With the help of Number() constructor, we can create an instance of Number by passing a numerical value to the Number() constructor. The general syntax to create Number object in JavaScript is as:
var num = new Number(numericValue);
Here, the constructor parameter numericValue is the number to store in an object. Consider the following examples below.
var firstNum = new Number(12345);
var secondNum = new Number('12345');
However, the JavaScript interpreter automatically creates Number objects to store numeric values in JavaScript program, as needed.
Note: If the value is incompatible with Number, it returns NaN (Not a number).
Static Properties of JavaScript Number object
JavaScript Number object provides several static properties (i.e. constants) that are useful in numeric comparisons. A list of JavaScript number constants with description is as:
(a) MAX_VALUE: It returns the largest possible positive number we work with in JavaScript. Its actual value is 1.797 * 10^308.
(b) MIN_VALUE: It returns the smallest possible positive value we work with in JavaScript. Its actual value is 5 * 10^-324.
(c) POSITIVE_INFINITY: It returns a special numeric value when an arithmetic operation or mathematical function overflows or produces a value greater than Number.MAX_VALUE. JavaScript prints the POSITIVE_INFINITY value as Infinity.
(d) NEGATIVE_INFINITY: It returns a special numeric value when an arithmetic operation or mathematical function overflows or produces a negative value greater than -Number.MAX_VALUE. JavaScript prints the NEGATIVE_INFINITY value as -Infinity.
(e) NaN: It represents “Not a Number” value.

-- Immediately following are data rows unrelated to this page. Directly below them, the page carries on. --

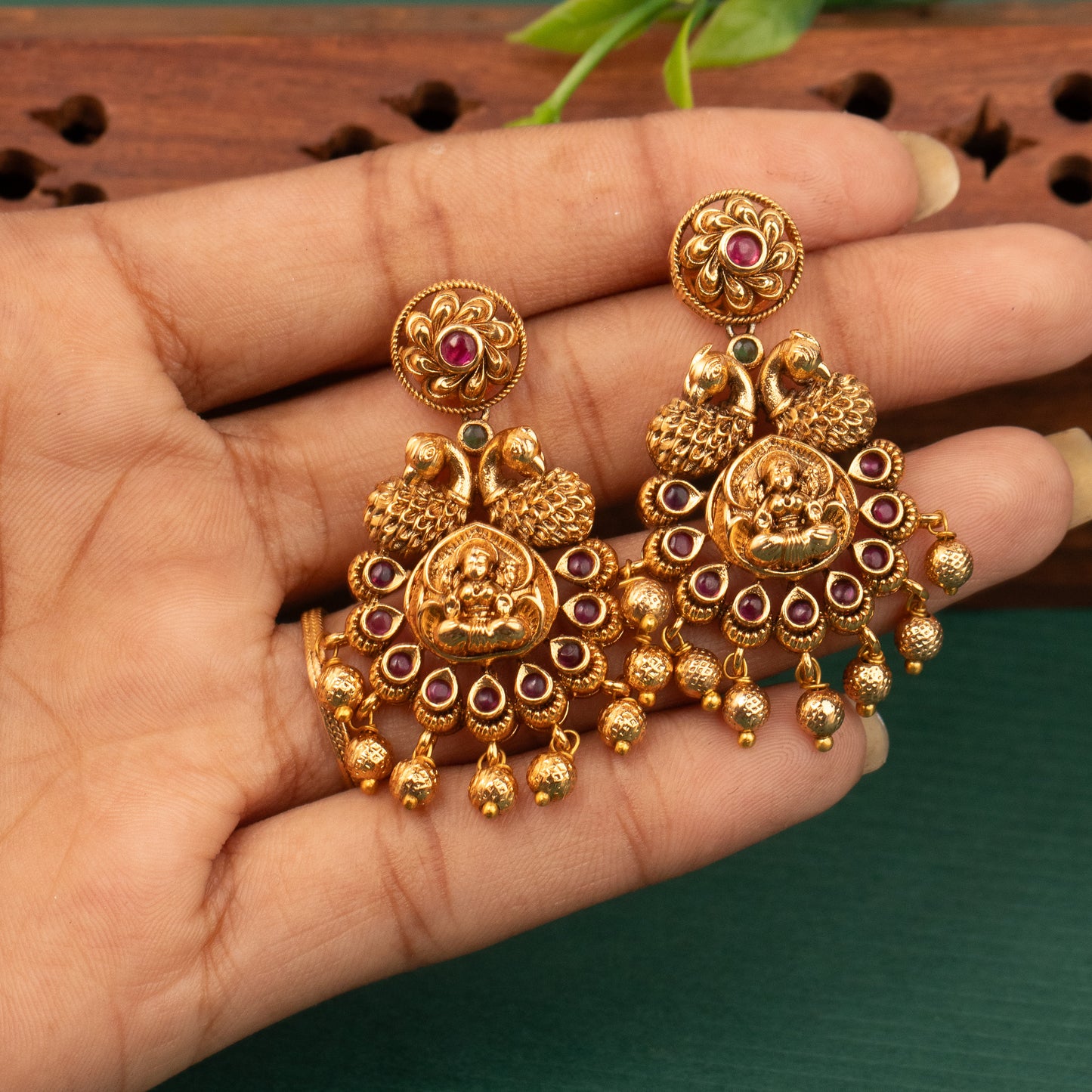 Antique Earrings E1464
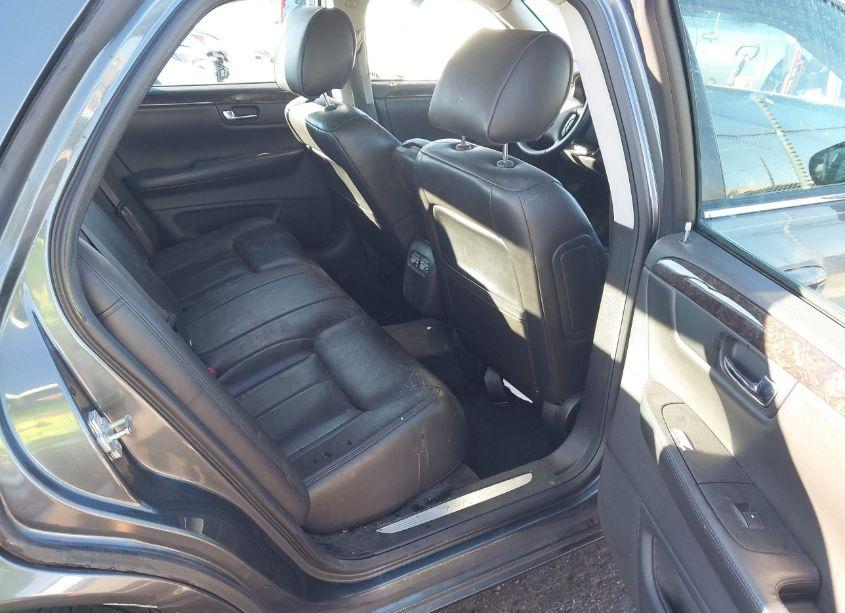 Photo 8 of 2011 Cadillac Dts STANDARD (VIN 1G6KA5E60BU111114)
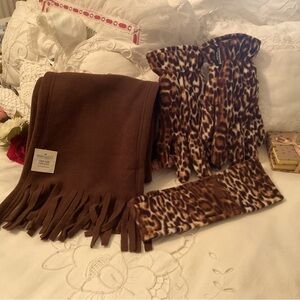 LEAPORD PRINT THINSULATE INSULATION 80 GRAMS GLOVES, EAR BAND & SCARF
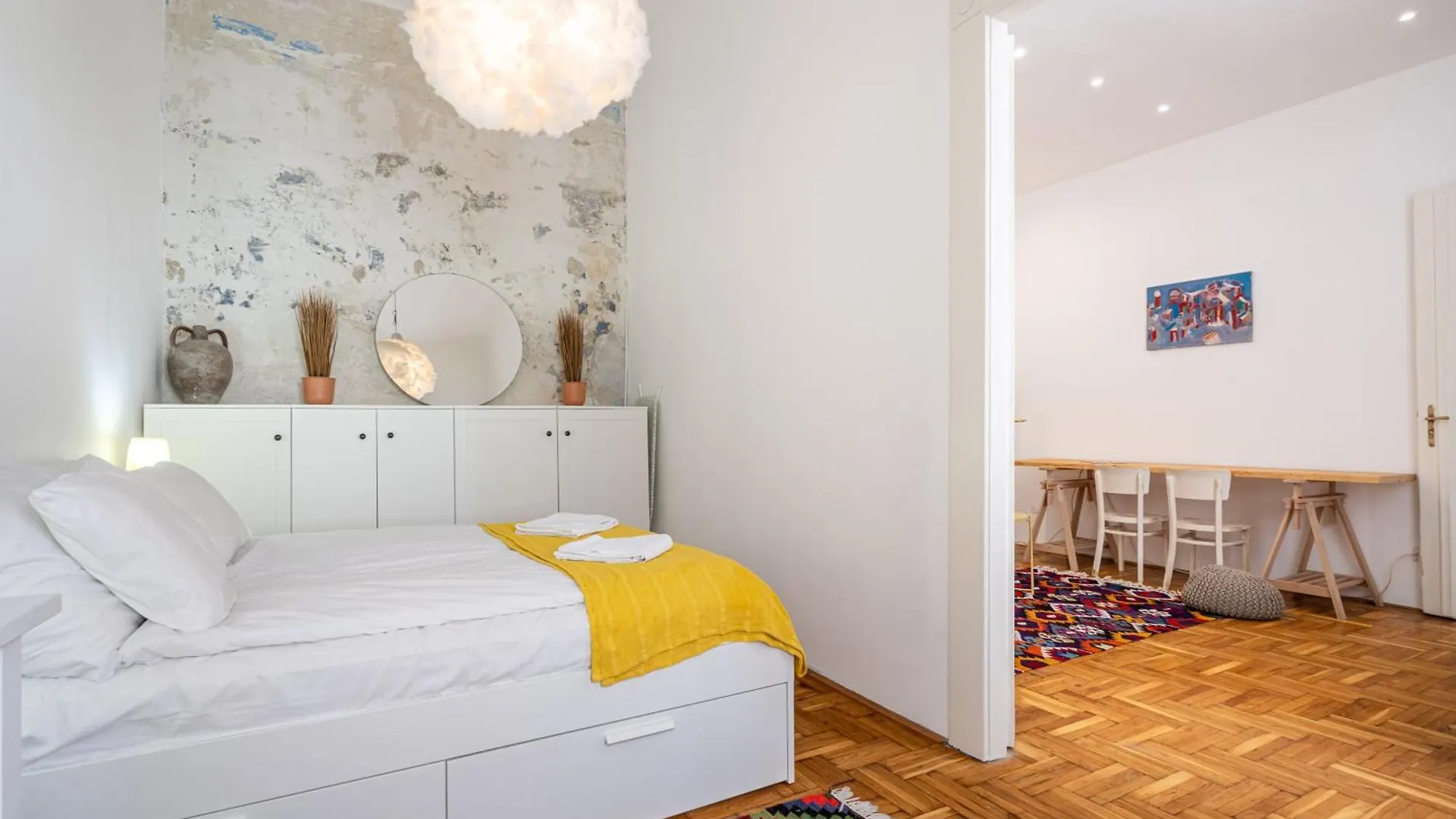 Moda Living Apartment Budapest 0*,  Hungary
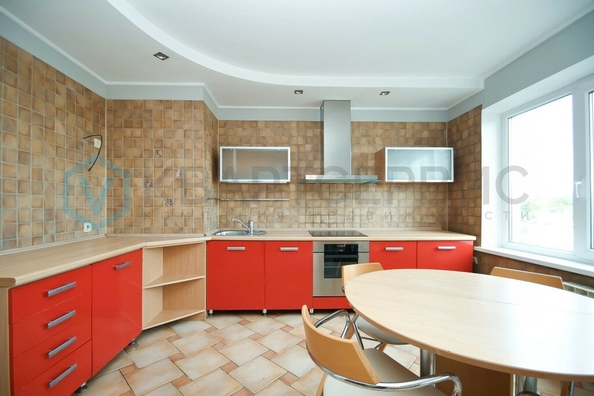 
  Продается 3-комн. квартира, 62.7 м², Северная 24-я ул, д. 198
. Фото 2.
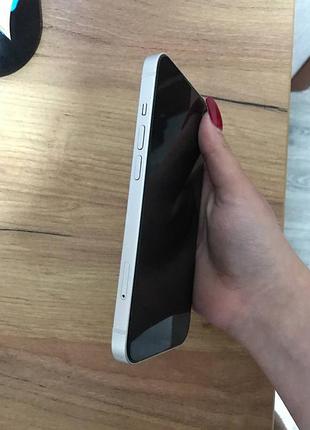 Iphone 13 білий б/у 4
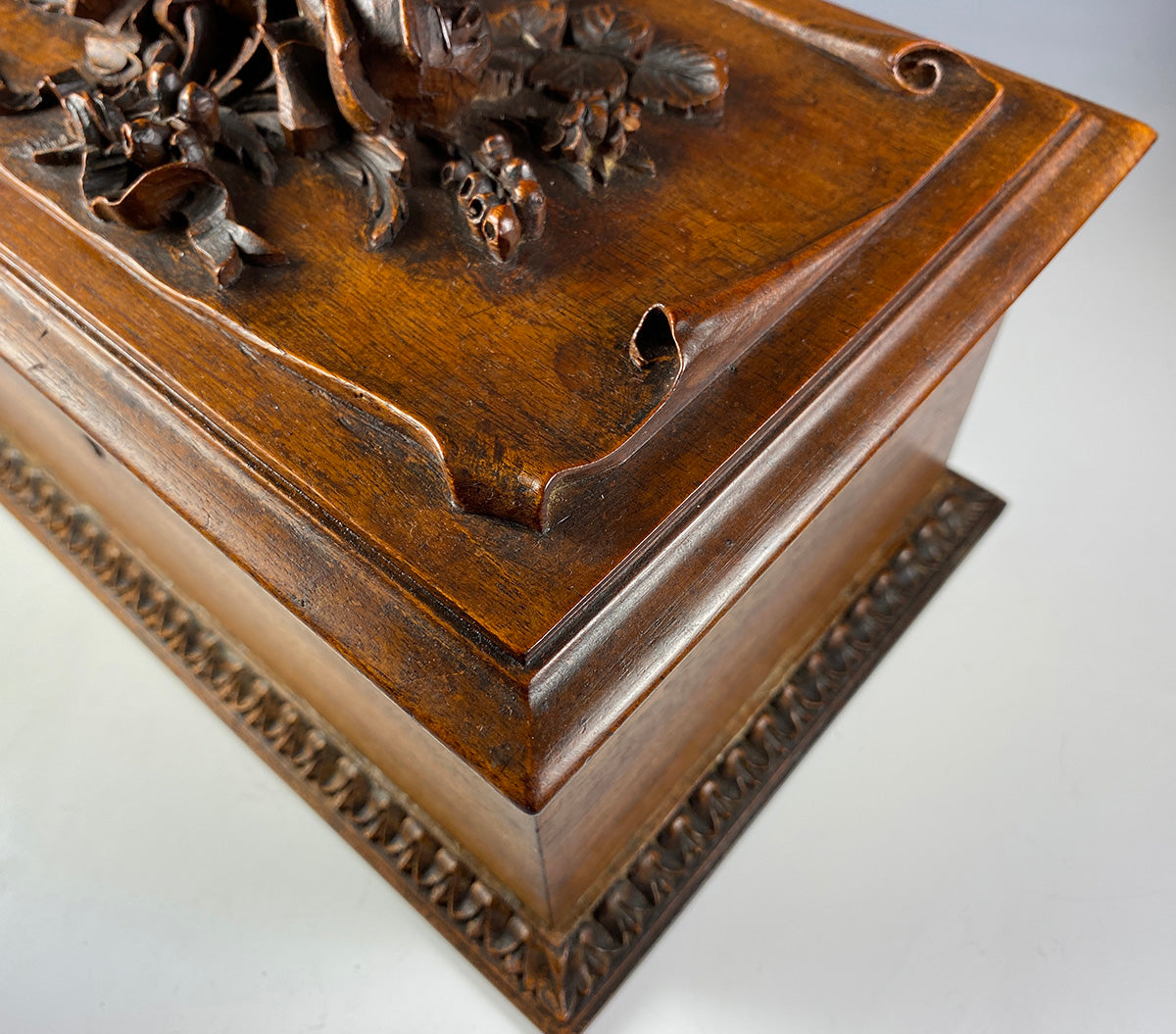 Antique Hand Carved Wood Black Forest 10.5" Floral Jewelry Box or Cigar Presenter, EC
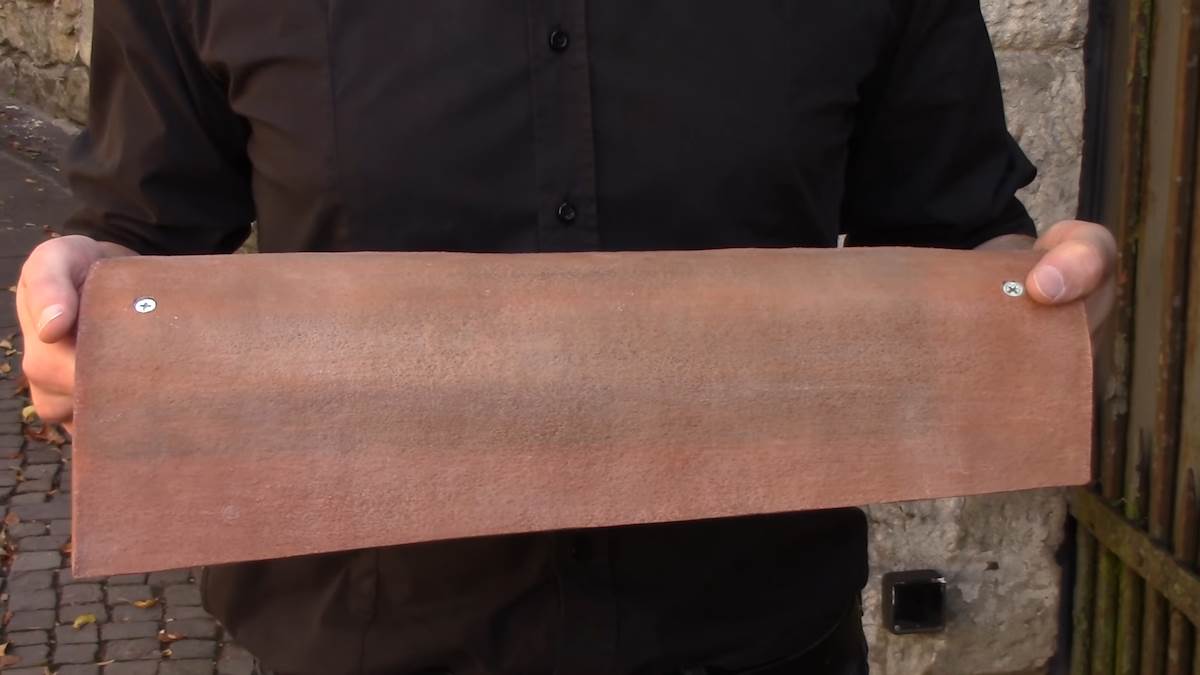 Nevidljivi solarni crepovi 1.jpg - YouTube / Dyaqua   Nevidljivi solarni crepovi 1.jpg - YouTube / Dyaqua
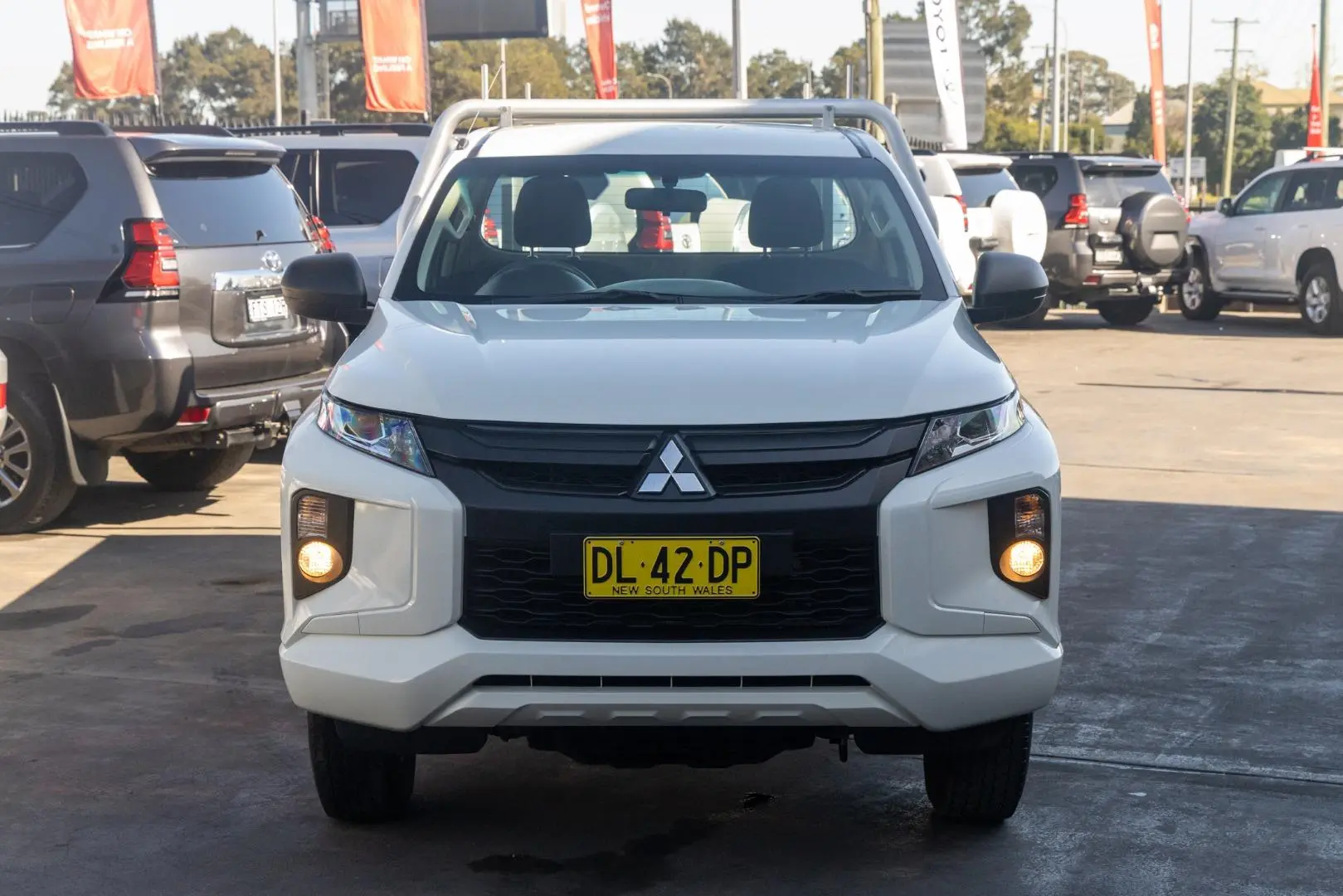 2021 Mitsubishi Triton Gallery Image 4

The syntax to access these constants is as follows:
Number.MAX_VALUE;
Number.MIN_VALUE;
// Example:
console.log(Number.MAX_VALUE); // prints 1.797
JavaScript Number Methods
JavaScript Number object provides several static methods. We can use the Number methods with primitive numeric values as well as with Number objects. A list of number methods with their description is as:
(a) toExponential():
This method returns a string representing the number in exponential notation. It takes an optional parameter digits that takes an integer value between 0 to 20.
Here, digits represent the number of digits after the decimal point. If we omit it, then the method will display as many digits as needed to fully represent the number. The general syntax to use this method is as:
Number.toExponential(digits);
Let’s take a very simple example program based on this method.
<script>
let myNumber = 20;
let num1 = myNumber.toExponential();
let num2 = myNumber.toExponential(2);
console.log(num1);
console.log(num2);
</script>
Output:
2e+1
2.00e+1
(b) toFixed():
This method returns a string representing the number with the exact digits after a decimal point. If we do not specify the parameter, the method will consider it as 0 and round the number to its nearest integer. The general syntax to use toFixed() method is as:
Number.toFixed(num);
Here, the parameter num represents the number of digits to be appeared after decimal.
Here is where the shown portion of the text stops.